The JasPer code should compile and run on any platform with a C language implementation conforming to ISO/IEC 9899:1999 (i.e., the ISO C language standard) and supporting a subset of ISO/IEC 9945-1:1990 (i.e., the POSIX C API). Only limited POSIX support is required (i.e., the open, close, read, write, and lseek functions must be supported).

The specific procedure required to build the JasPer software depends on the type of system involved. Only two different build methods are supported. The first method is based on the well known make utility and should work on most UNIX (or UNIX-like) systems. The second method is specifically tailored to the needs of Microsoft Visual C under Microsoft Windows. In passing, we note that by using free software such as Cygwin, one can also create a UNIX-like environment under Microsoft Windows in which to build JasPer using the first method.

If you are unfortunate enough to have a compiler that is not compliant with ISO/IEC 9899:1999 (i.e., the C language standard), you may need to make some changes to the code.
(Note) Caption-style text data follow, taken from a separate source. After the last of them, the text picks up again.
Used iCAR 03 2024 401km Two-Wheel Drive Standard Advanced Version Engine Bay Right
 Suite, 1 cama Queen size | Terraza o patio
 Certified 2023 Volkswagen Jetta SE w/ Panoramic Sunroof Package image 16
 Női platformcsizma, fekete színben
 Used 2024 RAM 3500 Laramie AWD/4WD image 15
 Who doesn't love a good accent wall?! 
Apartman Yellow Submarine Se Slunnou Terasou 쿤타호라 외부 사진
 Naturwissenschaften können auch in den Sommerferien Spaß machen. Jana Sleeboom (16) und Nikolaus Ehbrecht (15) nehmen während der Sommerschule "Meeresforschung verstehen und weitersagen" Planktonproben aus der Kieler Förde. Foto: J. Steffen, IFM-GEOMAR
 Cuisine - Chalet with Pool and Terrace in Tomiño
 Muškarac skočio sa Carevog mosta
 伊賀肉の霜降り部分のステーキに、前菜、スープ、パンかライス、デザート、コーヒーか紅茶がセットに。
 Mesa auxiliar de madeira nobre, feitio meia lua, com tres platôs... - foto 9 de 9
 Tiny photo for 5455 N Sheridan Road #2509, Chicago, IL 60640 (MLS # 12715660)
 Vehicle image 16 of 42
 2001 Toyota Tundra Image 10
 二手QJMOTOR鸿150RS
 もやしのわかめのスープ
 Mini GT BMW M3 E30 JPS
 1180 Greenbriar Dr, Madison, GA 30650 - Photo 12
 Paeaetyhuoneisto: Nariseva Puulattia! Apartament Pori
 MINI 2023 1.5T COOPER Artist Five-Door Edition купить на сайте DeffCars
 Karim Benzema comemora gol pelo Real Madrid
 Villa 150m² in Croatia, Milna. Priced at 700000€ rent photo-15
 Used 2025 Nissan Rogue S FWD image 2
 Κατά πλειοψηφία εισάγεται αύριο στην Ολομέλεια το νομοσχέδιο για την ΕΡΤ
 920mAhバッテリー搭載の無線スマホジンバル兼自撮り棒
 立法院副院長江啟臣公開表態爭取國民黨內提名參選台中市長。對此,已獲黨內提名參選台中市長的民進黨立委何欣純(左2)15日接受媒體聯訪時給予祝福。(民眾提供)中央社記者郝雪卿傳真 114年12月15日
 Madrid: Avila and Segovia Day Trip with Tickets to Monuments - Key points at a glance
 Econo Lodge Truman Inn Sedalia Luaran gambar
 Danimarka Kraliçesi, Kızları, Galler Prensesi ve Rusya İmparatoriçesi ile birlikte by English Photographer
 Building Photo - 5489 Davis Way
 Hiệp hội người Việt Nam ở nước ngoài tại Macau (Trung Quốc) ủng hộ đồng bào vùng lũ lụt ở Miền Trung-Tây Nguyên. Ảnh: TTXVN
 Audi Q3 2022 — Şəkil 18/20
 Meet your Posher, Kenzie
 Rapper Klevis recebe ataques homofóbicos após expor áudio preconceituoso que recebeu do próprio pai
Unfortunately, even some of the most popular C language implementations do not strictly comply with the standard. One such example is Microsoft Visual C 6.0. Due to the popularity of Visual C, however, several workarounds have been added to the JasPer code to ensure that it will compile successfully with Visual C.

The current version of the JasPer software is known to compile in the following environments:

• Red Hat Linux 7.0, GNU C 2.96, GNU Make 3.79.1
• SunOS/SPARC 5.5.1, GNU C 2.7.2.1, SunOS make
• SunOS/SPARC 5.7, GNU C 2.95, SunOS make
• Windows 2000 Professional, Microsoft Visual C 6.0

• Apple Macintosh PPC G3, Rhapsody 5.6, GNU C 2.7.2.1
• Power Macintosh, GNU/Linux 2.2.15pre9, GNU C 2.95.2
• Sun SPARC, Solaris 2.7, GNU C 2.95.2
• Compaq/DEC Alpha, OSF/1 4.0F, GNU C 2.95.2
• IBM PowerPC, AIX 4.2, GNU C 2.95.2
• HP 9000/712, HP-UX 10.20, GNU C 2.95.2
• SGI Origin 200, IRIX 6.5, GNU C 2.95.2

Build Process for UNIX (or UNIX-Like) Systems

The JasPer software is intended to be built using the standard UNIX make utility (in conjunction with a configure script).

If you need a C compiler that is reasonably compliant with the ISO/IEC 9899:1999 standard, you can obtain GNU C from the GNU Project web site. If you need an implementation of Make, you can also obtain GNU Make from the the GNU Project web site. All GNU software is free software.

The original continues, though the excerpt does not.